Cimicifuga

Extrakte aus Traubensilberkerze (Cimicifuga racemosa, Actaea racemosa, «black cohosh») werden zur Behandlung von Beschwerden in den Wechseljahren empfohlen. In der Schweiz sind Cimifemin®, Climavita® und Maxifem eco natura® kassenzulässig.

Biologie/Pharmakologie

Die Traubensilberkerze ist eine ursprünglich in Nordamerika beheimatete Staude aus der Familie der Hahnenfussgewäche (Ranunculaceae), die auch in Europa kultiviert werden kann.

Cimicifuga-Präparate werden mittels alkoholischer Extraktion aus dem Wurzelstock der Traubensilberkerze gewonnen. Es ist unklar, welche Substanzen in welcher Weise biologisch aktiv sind. Isoliert wurden unter anderem Triterpenglykoside (Actein und Cimifugosid), nach deren Gehalt die Extrakte standardisiert werden können.(1,2)

Die Erkenntnisse zur Pharmakologie von Cimicifuga-Extrakten sind bruchstückhaft und teilweise widersprüchlich. Frühere Studien deuteten auf eine östrogenartige Wirkung hin. Neuere Untersuchungen sprechen eher dagegen, dass bei Cimicifuga Phytoöstrogene eine wesentliche Rolle spielen.(2) Einzelne Fachleute postulieren eine selektive Modulation von Östrogenrezeptoren ähnlich wie z.B. bei Raloxifen (Evista®) oder Tamoxifen (Nolvadex® u.a.).

In einer systematischen Übersicht wurden 15 tierexperimentelle Studien und 15 Studien mit in-vitro-Daten zusammengefasst. Diese Übersicht kommt zum Schluss, Cimicifuga hätte keine hormonale, sondern eine zentralnervöse Wirkung.(3)

Pharmakokinetik

Studien zur Resorption, zur Bioverfügbarkeit oder zum Metabolismus der Inhaltstoffe von Cimicifuga-Extrakten sind nicht vorhanden.

Klinische Studien

Die meisten randomisierten Studien mit Traubensilberkerze wurden in den 1980er Jahren durchgeführt.

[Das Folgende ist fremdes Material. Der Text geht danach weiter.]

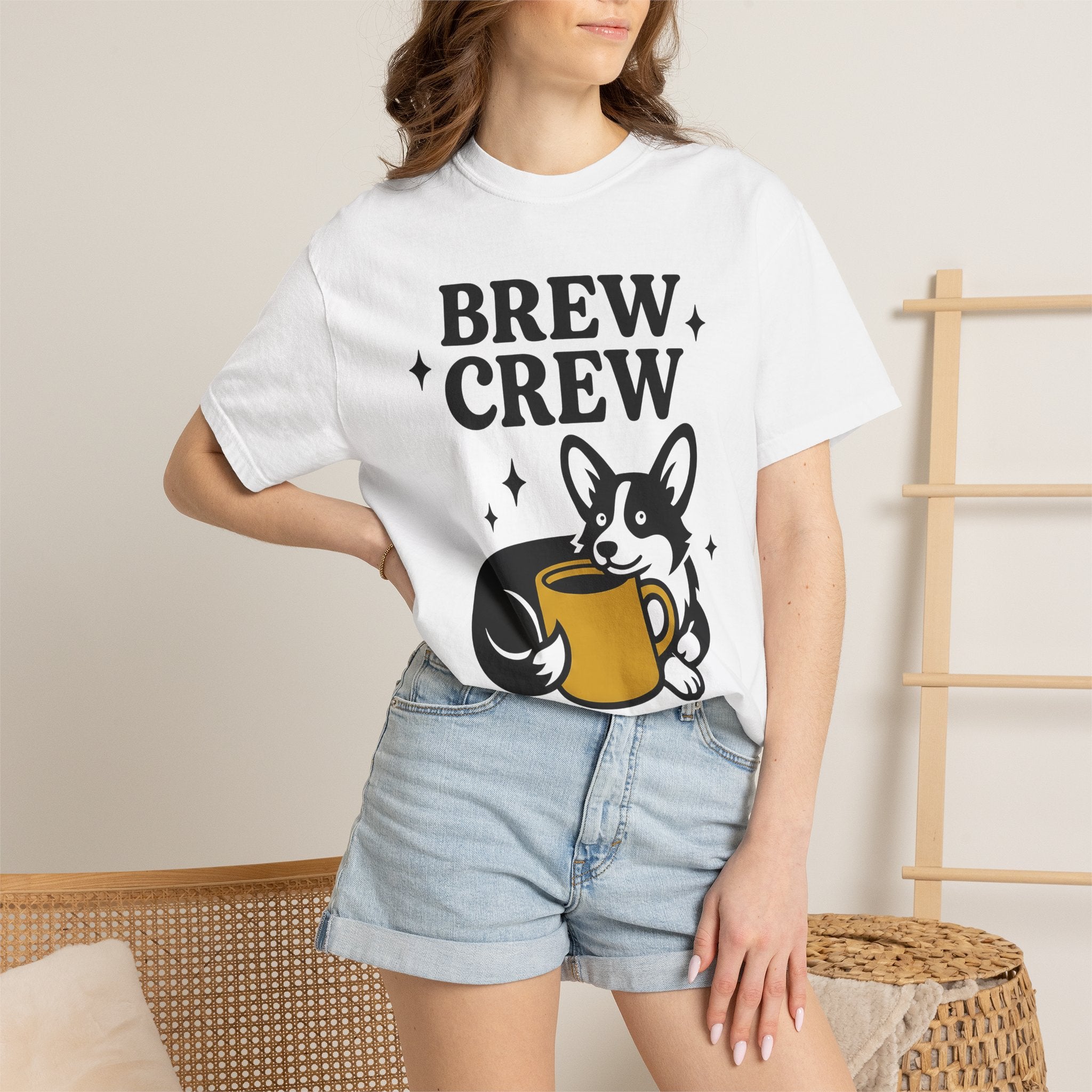 Corgi Tea Mug Shirt Coffee Animal Gift Women Anime Tee Pembroke Welsh Corgi T-Shirt Coffee Fan Pet Manga Tshirt Creature Graphic Twinkles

Placebokontrollierte Studien

In einer Studie wurden 80 Frauen während und nach der Menopause doppelblind für 12 Wochen mit zweimal täglich 2 Tabletten zu 20 mg Cimicifuga-Extrakt oder mit einmal täglich 0,625 mg konjugierten Östrogenen (Premarin® u.a.) oder mit Placebo behandelt. (In dieser Studie wurde somit die doppelte der üblicherweise empfohlenen Cimicifuga-Dosis verwendet.). Alle Frauen litten an Hitzewallungen und zusätzlichen neurovegetativen oder psychischen Symptomen. Nach 4, 8 und 12 Wochen hatten in der Cimicifuga-Gruppe sowohl die neurovegetativen wie auch die psychischen Symptome signifikant stärker abgenommen als in der Östrogen- und in der Placebo- Gruppe. Interessanterweise zeigte Cimicifuga auch bezüglich Proliferation des Vaginalepithels einen grösseren Effekt als die Östrogene oder Placebo.(4)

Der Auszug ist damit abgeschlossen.